While I applaud the voters of Payson for finally approving the much-needed funding for the local schools, I am absolutely and utterly appalled at the way in which the high school's portion of the funds will be spent.
I understand that the high school is in a state of complete disrepair and as a recent graduate I have firsthand experience. As Kristi Ford so eloquently put it, the situation can no longer be "bandaged." But, is a new Astroturf football field really the best way to begin removing the "black mark from the face of Payson education?"
I wholeheartedly disagree.
Facilities do matter. Nice classrooms make learning a heck of a lot more pleasant. But learning is impossible when textbooks are unavailable to every student in the class, not to mention that they are often outdated and in poor condition. The last thing Payson High School needs is to place further emphasis on the sports program at the expense of the education of its students. The Payson High athletic program has been reaping the benefits of the Credit for Kids program for eight years since that money was first used to buy new bleacher seats and later the new track and upgraded fields, as cited by Carol La Valley in a recent article on the program.
Also, the wonderful athletic director Dave Bradley has succeeded in getting Bob Chmiel, a longtime Notre Dame football coach, to give a presentation on "The Realities of College Recruiting" at the high school in the near future.
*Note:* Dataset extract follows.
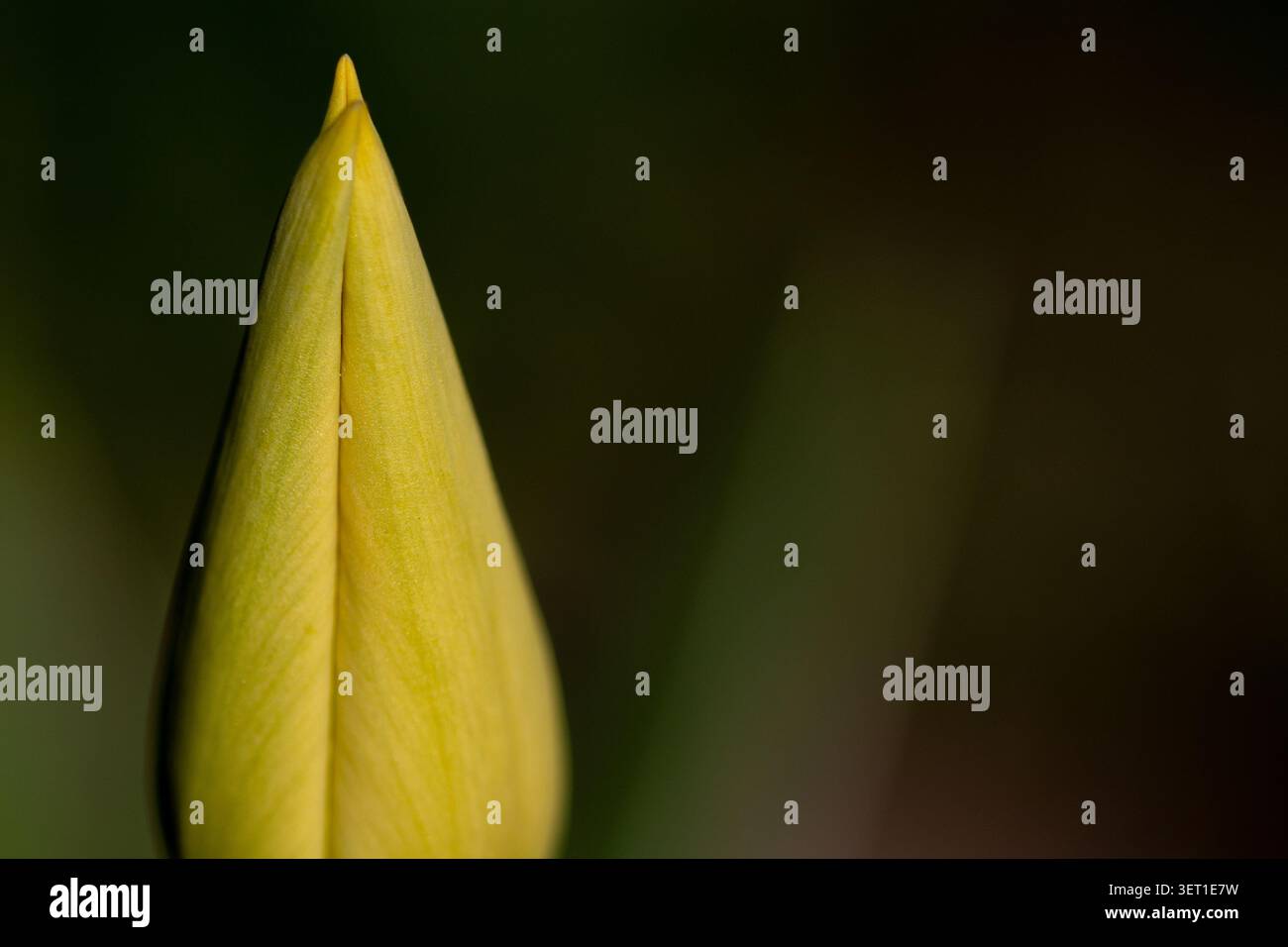 Un bocciolo di fiori gialli si erge in verticale in un giardino verde. Il bocciolo è vicino all'apertura mentre il sole splende. Foto Stock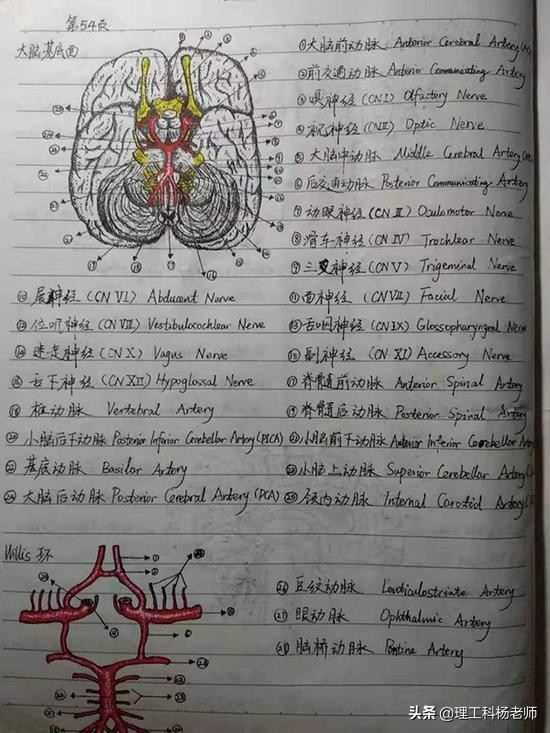 （10）考研专业之最“难学”的专业@“医学专业”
While I am aware of Bradley's charm, I doubt that he was able to get Chmiel to travel to Payson gratis after I noted his distinguished 28-year career as a college football coach.
These are just two examples of very recent events that succeed in glorifying athletics and siphoning funding away from academics. Sports are a part of the high school experience. I understand this. But the objective of the high school experience is to obtain an education and considering Arizona's rock bottom rankings, as witnessed in the Morgan Quitno "Smartest State Rankings" discussed on CNN and various other news publications, this objective is not being met. One concrete way to improve upon the current situation is to increase the quantity and quality of the textbooks used in classrooms.
My younger sister's Advanced Placement U.S. History is currently short on textbooks, a problem that I am sure occurs quite frequently and which could easily be remedied with a small portion of that $1 million going to the Astroturf field.
I am disgusted by the irresponsibility of whatever leadership body is in charge of the bond distribution. Such frivolous spending must be reprimanded. Drastic change is necessary if there is to be any hope for the proper education of Payson's children.